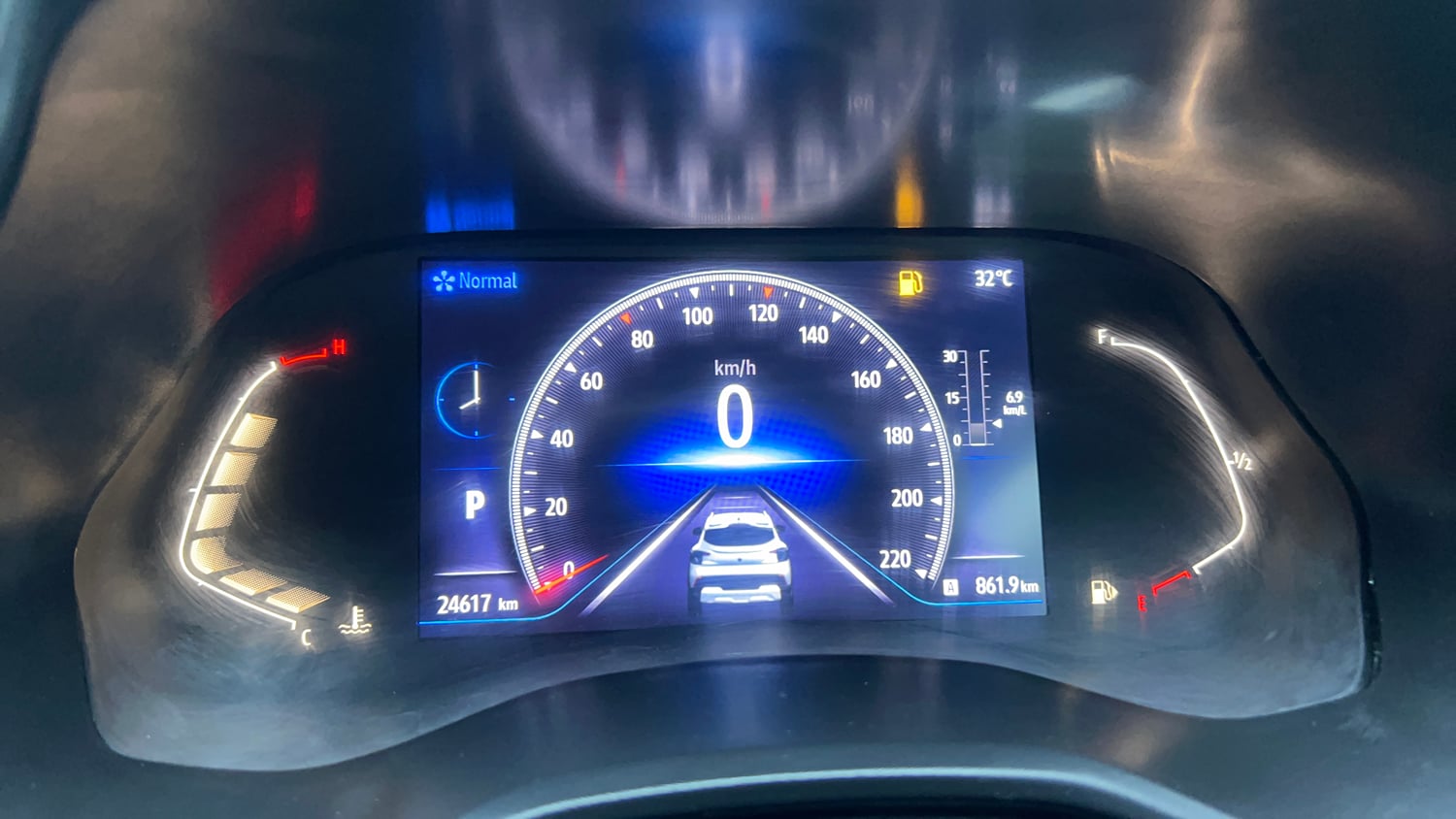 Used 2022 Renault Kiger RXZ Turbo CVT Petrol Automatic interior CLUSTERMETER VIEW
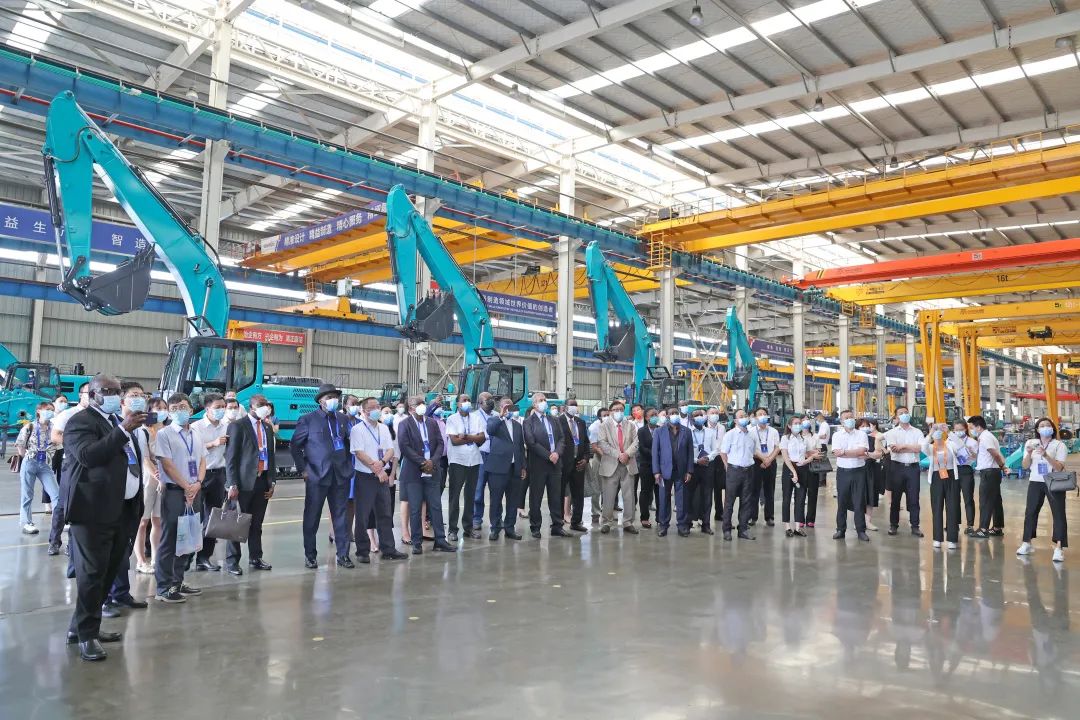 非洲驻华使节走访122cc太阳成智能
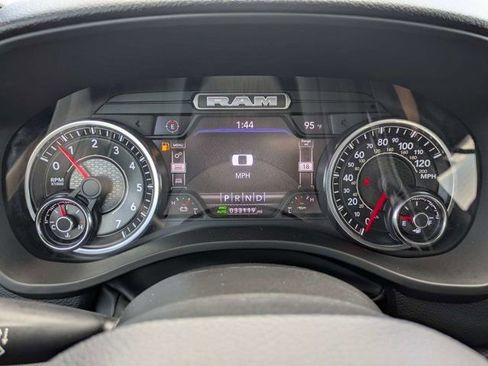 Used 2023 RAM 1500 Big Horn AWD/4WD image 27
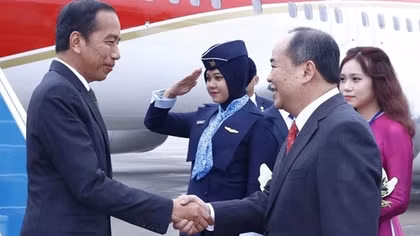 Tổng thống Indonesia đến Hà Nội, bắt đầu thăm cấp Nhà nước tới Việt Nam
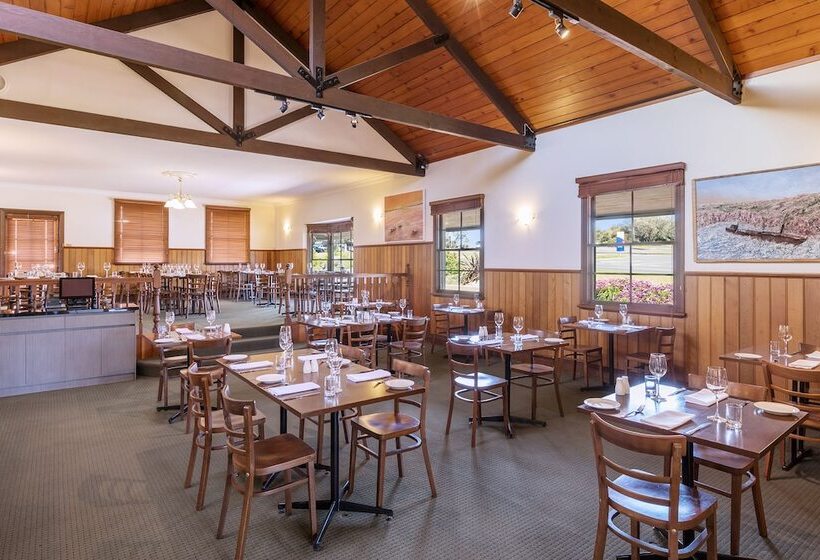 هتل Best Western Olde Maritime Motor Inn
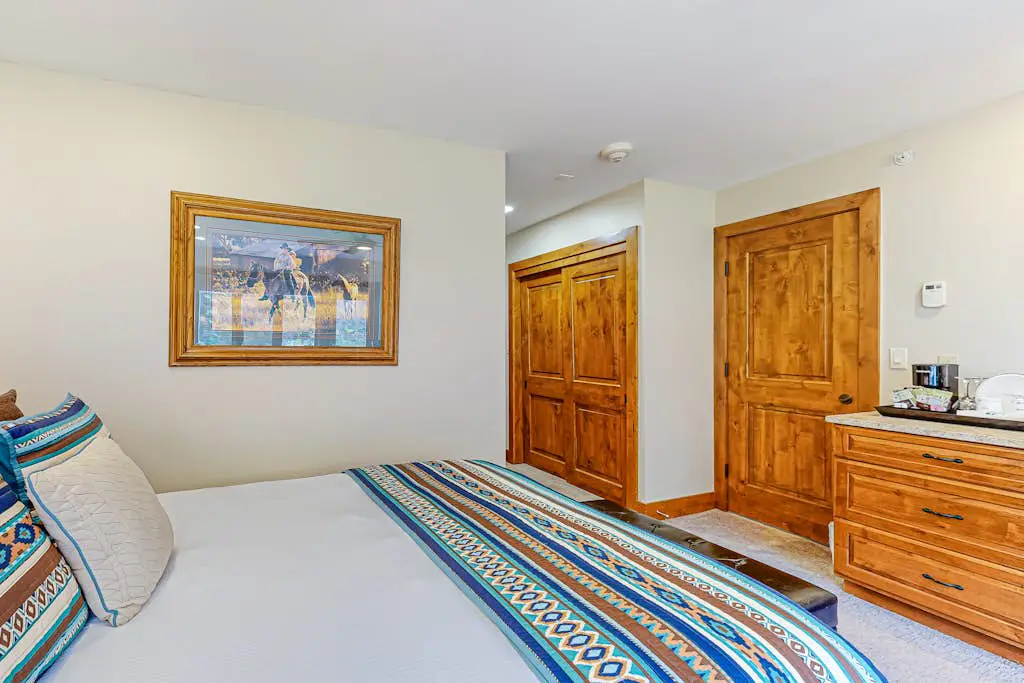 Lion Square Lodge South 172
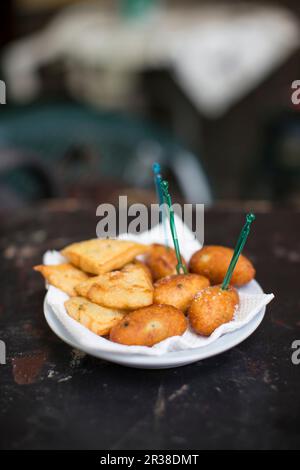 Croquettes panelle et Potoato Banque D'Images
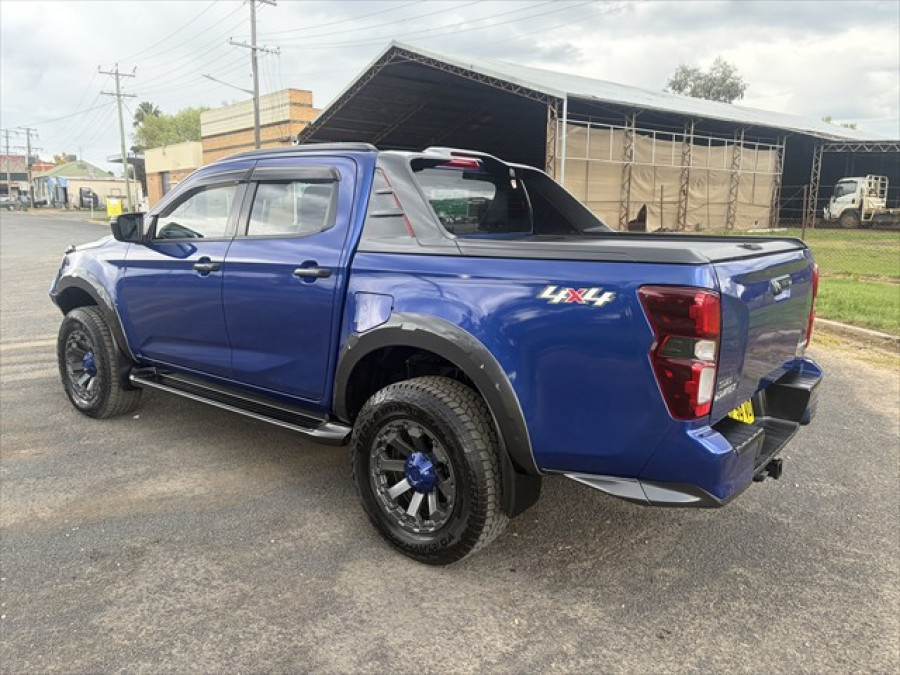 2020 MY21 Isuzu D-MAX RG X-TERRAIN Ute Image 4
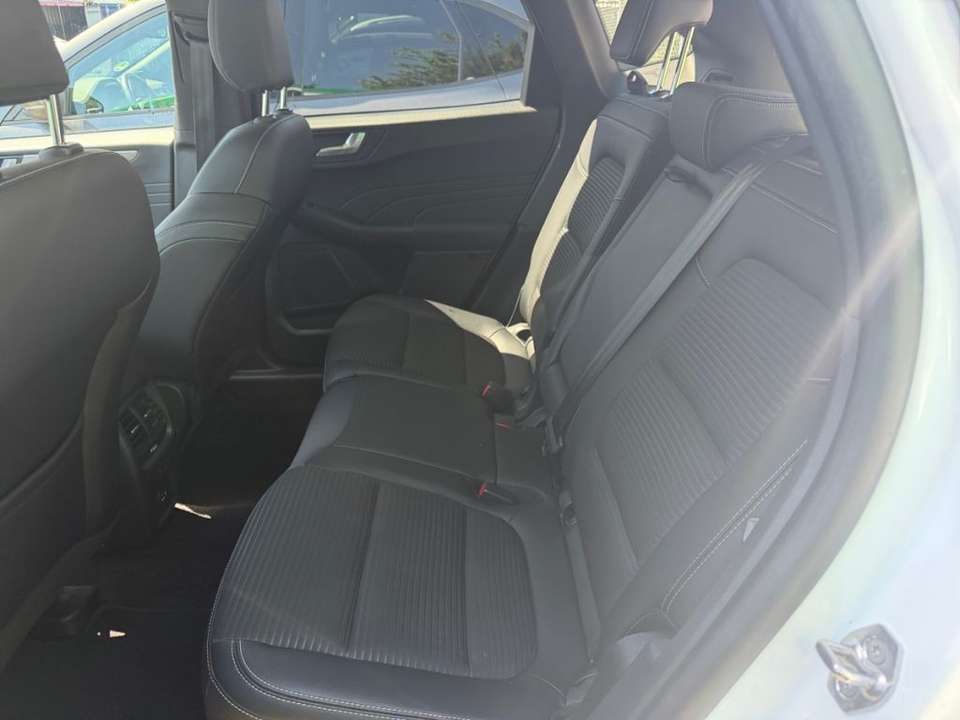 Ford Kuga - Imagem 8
--*--
**Task requirements**
Each line of the data above needs to be retyped as it is, without any picture.

**Answer section**
 Used 2022 Renault Kiger RXZ Turbo CVT Petrol Automatic interior CLUSTERMETER VIEW
 非洲驻华使节走访122cc太阳成智能
 Used 2023 RAM 1500 Big Horn AWD/4WD image 27
 Tổng thống Indonesia đến Hà Nội, bắt đầu thăm cấp Nhà nước tới Việt Nam
 هتل Best Western Olde Maritime Motor Inn
 Lion Square Lodge South 172
 Croquettes panelle et Potoato Banque D'Images
 2020 MY21 Isuzu D-MAX RG X-TERRAIN Ute Image 4
 Ford Kuga - Imagem 8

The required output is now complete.